Dit recht is geenszins absoluut. Art. 3.82 laat geen wildgroei of ongebreidelde initiatieven toe. Al te vaak moeten we vaststellen dat mede-eigenaars er een absoluut recht uit afleiden en onterecht het artikel slechts gedeeltelijk lezen.

Het appartementsrecht stelt zeer uitdrukkelijk dat het recht tot installatie van een laadpaal slechts kan worden uitgeoefend wanneer de mede-eigenaar minstens twee maanden voorafgaandelijk per aangetekende zending de syndicus heeft geïnformeerd. Die communicatie moet een beschrijving van de geplande werken en een verantwoording bevatten.

Vervolgens beschikken de andere mede-eigenaars over een termijn van twee maanden (na ontvangst van de aangetekende zending) om verzet aan te tekenen. Zij kunnen dit doen op grond van een rechtmatig belang, zoals

1. Er bevindt zich reeds dergelijke infrastructuur in het gebouw

Hieronder moet niet enkel begrepen worden: de aanwezigheid van laadpalen voor collectief gebruik in het gebouw. Het begrip ‘rechtmatig belang’ moet immers expansief geïnterpreteerd worden. Doel van de wetgever was om te bekomen dat individuele initiatieven de gegronde belangen van de andere mede-eigenaars niet in het gedrang zouden brengen.

Daarvoor moet ook gekeken worden naar lopende of binnenkort op te starten initiatieven om een collectieve voorziening te installeren. Het kan niet de bedoeling zijn dat een démarche van één mede-eigenaar die plannen in gevaar brengt.

Bij laadpalen zal dit sterk spelen omdat de veelal beperkte capaciteit van het elektriciteitsnet binnen het gebouw een rol speelt. De opwaardering van die capaciteit is bovendien een titanenwerk. De VME is immers slechts eigenaar van de bedrading tot aan de teller. Alles vanaf de teller behoort tot de zeggenschap van de distributienetbeheerder Fluvius.

De capaciteit van het net beperkt het aantal laadpalen dat kan worden geïnstalleerd. Daardoor komen we te vaak in een race volgens het “eerst komt, eerst maalt”-principe. Dat is dan nog een illusie, aangezien bij een latere collectieve installatie de verbruiksmogelijkheden herbekeken moeten worden.

De beperking van het capaciteitsnet binnen het gebouw is mede daarom een volstrekt te verantwoorden weigeringsgrond vanuit het rechtmatig belang van de andere mede-eigenaars.
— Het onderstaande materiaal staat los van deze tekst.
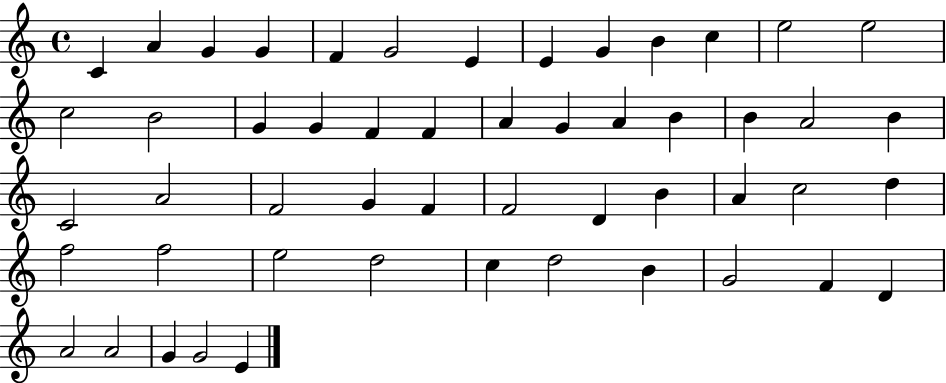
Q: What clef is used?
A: treble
De grond verantwoordt ook waarom het eigendomsrecht van een mede-eigenaar niet als absoluut gezien mag worden, zelfs over zijn/haar privatief. Er is immers altijd een impact op het collectieve.
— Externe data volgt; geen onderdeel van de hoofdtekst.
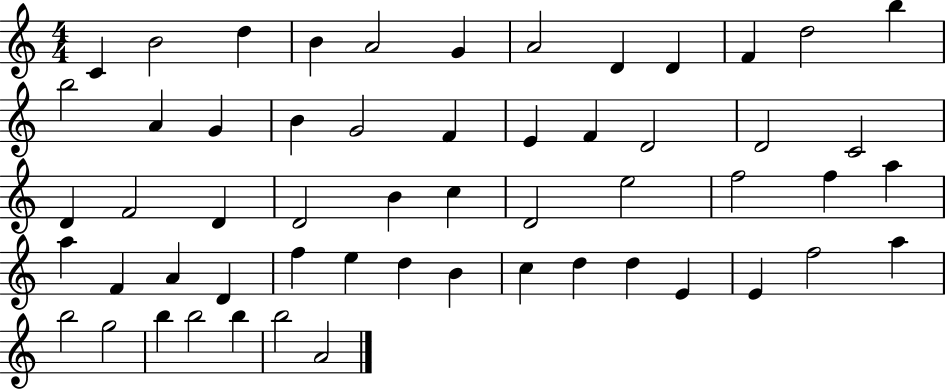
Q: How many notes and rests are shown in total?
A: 56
2. De veiligheid, in het bijzonder op vlak van brandpreventie en -bestrijding

Uiteraard kan de VME zich verzetten tegen de individuele installatie van een laadpunt, wanneer de brandveiligheid daarmee in het gedrang zou komen.

Daarbij komt nog dat nog geen uniform wettelijk kader bestaat rond de brandveiligheidsnormen die bij laadpunten in appartementsgebouwen in acht moeten worden genomen. We beschikken enkel over een code goede praktijken, opgemaakt door FireForum. Die code is echter niet afdwingbaar. Ze wordt ook niet uniform gehanteerd: elke brandweerzone hanteert eigen richtlijnen, die lang niet altijd met elkaar overeenstemmen. Ook over de vraag hoe afdwingbaar die zijn, bestaan vraagtekens.

Dat hier verandering in moet komen, is duidelijk. Syndici en VME’s moeten zekerheid hebben over welke veiligheidsmaatregelen genomen moeten worden. Wat is vereist op vlak van branddetectie? Hoe zit het met sprinklersystemen? Quid de bereikbaarheid voor de brandweer? Is opladen op een -2 verdieping verboden?

Zolang een wettelijk kader uitblijft, weten de VME’s en de syndici niet welke normen finaal van toepassing zullen zijn. En, kunnen zij de financiële en praktische consequenties van de noodzakelijke ingrepen niet inschatten.

Laat net dat laatste een derde mogelijke weigeringsgrond uitmaken: 

3. De werken kunnen slechts worden uitgevoerd wanneer deze geen negatieve financiële consequenties hebben op de andere mede-eigenaars.

Iedereen is overtuigd van de wenselijkheid van de elektrificatie van het wagenpark. En niemand ontkent dat er nood is aan een opwaardering van de infrastructuur binnen appartementsgebouwen om die elektrificatie te ondersteunen. Syndici zijn in allerijl op zoek naar oplossingen. Maar het lukraak installeren van een eigen laadpaal is erg contraproductief. Het verhindert dat er op een structurele, doordachte wijze wordt gekeken richting een collectieve oplossing op basis van load-balancing, waarbij ook veiligheidsoverwegingen, financiële aspecten, … in rekening worden gebracht.

Load-balancing is een collectief systeem waarbij privatieve laadpalen/laadpunten aan elkaar gekoppeld zijn en de beschikbare stroom verdeeld wordt over de verschillende laadpalen/laadpunten. Het vormt zo een oplossing voor het capaciteitsprobleem dat zich onherroepelijk zal stellen.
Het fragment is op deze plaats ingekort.